Australia spends only $140 per person a year on prevention and the money cannot be accounted for
Australia spends less than $140 per person per year on preventive health – three times less than several comparable countries – and fails to track how the money is spent or its cost-effectiveness
Australia spends less than $140 per person per year on preventive health – three times less than several comparable countries – and fails to track how the money is spent or its cost-effectiveness.
That’s the conclusion of a new paper which for the first time quantifies and attempts to track the flow of public health spending on prevention in Australia.
The analysis, led by La Trobe University emeritus professor Alan Shiell, found that the funding of public health in Australia was “inadequate, siloed, sporadic, short-term and piecemeal”.
The spending on prevention by governments amounts to less than 2 per cent of the health budget, the paper, published in the Australian and New Zealand Journal of Public Health, found.
The funds allocated per person to preventive health were likely to be inflated by Covid-19 spending, the authors found, with pre-pandemic spending on public health hovering at about $100 per year. Spending on prevention in the UK is about 4 per cent of that country’s health budget and in Canada it’s almost 6 per cent.
There is no formal mechanism for tying the money that currently is spent on prevention to any evaluation of cost-effectiveness, as occurs with evaluation of new medicines or other medical treatments, Professor Shiell said.
“We cannot say … with any degree of certainty, how much is spent on what sorts of public health activity, what mechanisms are used to get the funds into the hands of the service providers, whether those mechanisms are fit for purpose or could be improved upon, or what percentage of the population has access to preventive programs of proven cost-effectiveness,” Professor Shiell says in the paper.

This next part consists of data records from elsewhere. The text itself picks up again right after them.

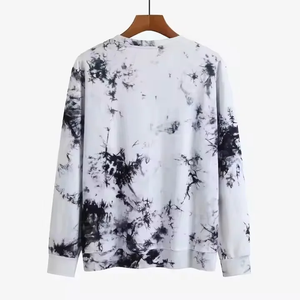 Camiseta Tie Dye de manga larga para hombre, 100% algodón, de alta calidad, a la moda, holgada y colorida. - Product Image 4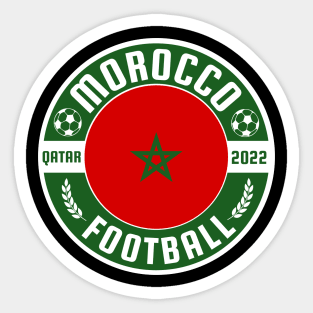 Morocco Football Sticker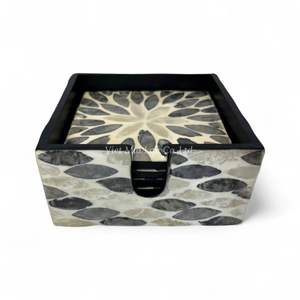 Posavasos de Nácar Hechos a Mano al por Mayor para Protección de Mesa de Comedor y Suministro Decorativo al por Menor - Product Image 1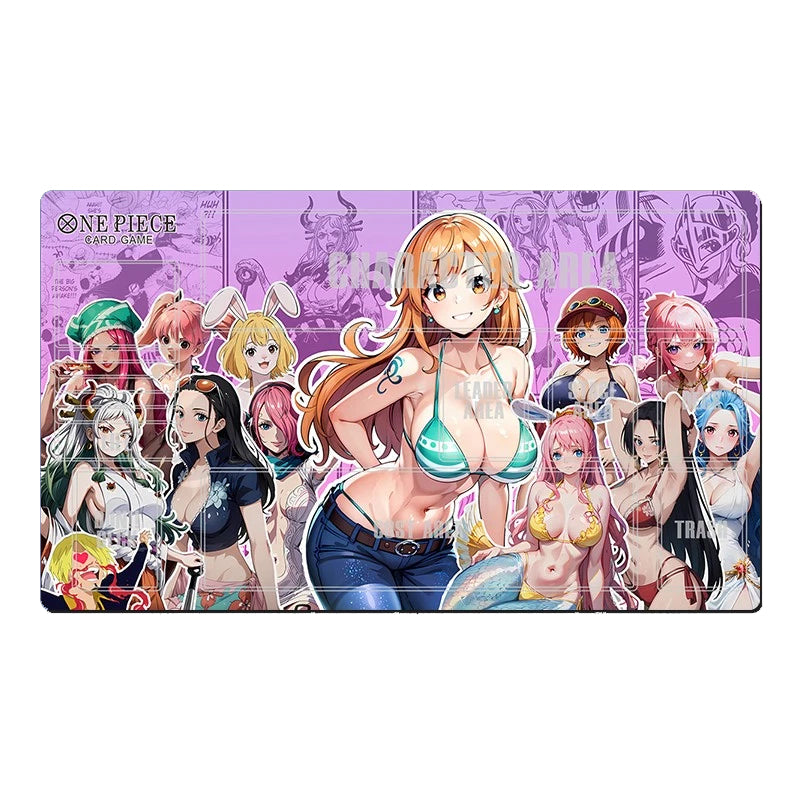 One Piece OPCG TCG CCG Table Mouse Pad Nami Playmat Trading Card Game Desk Mat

There are significant differences between the amounts each state spends on preventive health. While Western Australia has set a target to spend 5 per cent of its health budget on prevention by 2029, other states, in particular Victoria, are winding back public health spending despite challenges as the population ages, chronic disease rates increase, and health systems buckle.
There is no annual reporting of spending on preventive health in Australia, and no major national report has reported on funding on public health for over a decade. That is an unacceptable situation, said the CEO of the Public Health Association of Australia, Terry Slevin. “You can’t manage it if you can’t measure it,” he said. “Every jurisdiction in Australia and nationally should be keeping score on this metric. The data is there. It’s just simply not aggregated and published. And it should be. It’s a fundamental piece of health information that goes to the heart of public decision making and policy making.
“This should be one of the fundamental pieces of planning infrastructure for dealing with our health system and making informed and intelligent decisions.”
Funding for public health is spent by both commonwealth and state governments who generally allocate the funds at a local level. Much of the money ultimately comes from GST collected by the commonwealth and then distributed state-by-state. Funding on prevention also flows through the National Health Reform Agreement and via national partnership agreements on health.
Mr Slevin said mechanisms to systemically measure and publish details of public health spending could be relatively simply implemented and would increase accountability for results amid a situation in which Australia’s acute care system was being overwhelmed and elective surgery wait lists at public hospitals are at all-time highs.
“Ultimately it’s a fool’s paradise to continue to chase the perception of having a world-class health system to fix the ills of the citizenry while ignoring the drivers that are sending people to acute care system,” he said. “It goes back to the simple proposition, if governments at state level or national level decide this is an important thing, with relative ease, they can put in place the investment in the long-term measures that take bravery and wisdom from our policy decision makers, and our politicians.
“It is an absolute policy no-brainer as long as you’re prepared to shake off the restrictions of a short political cycle.”
The authors of the La Trobe paper are calling for greater transparency in the reporting of spending via annual reporting on preventive health and the establishment of a mechanism for tying the funding of health promoting interventions to evaluations of their cost-effectiveness.
“We’ve got a formal body for drugs spending and medical technologies. What there isn’t is an equivalent for prevention in communities,” Professor Sheill said.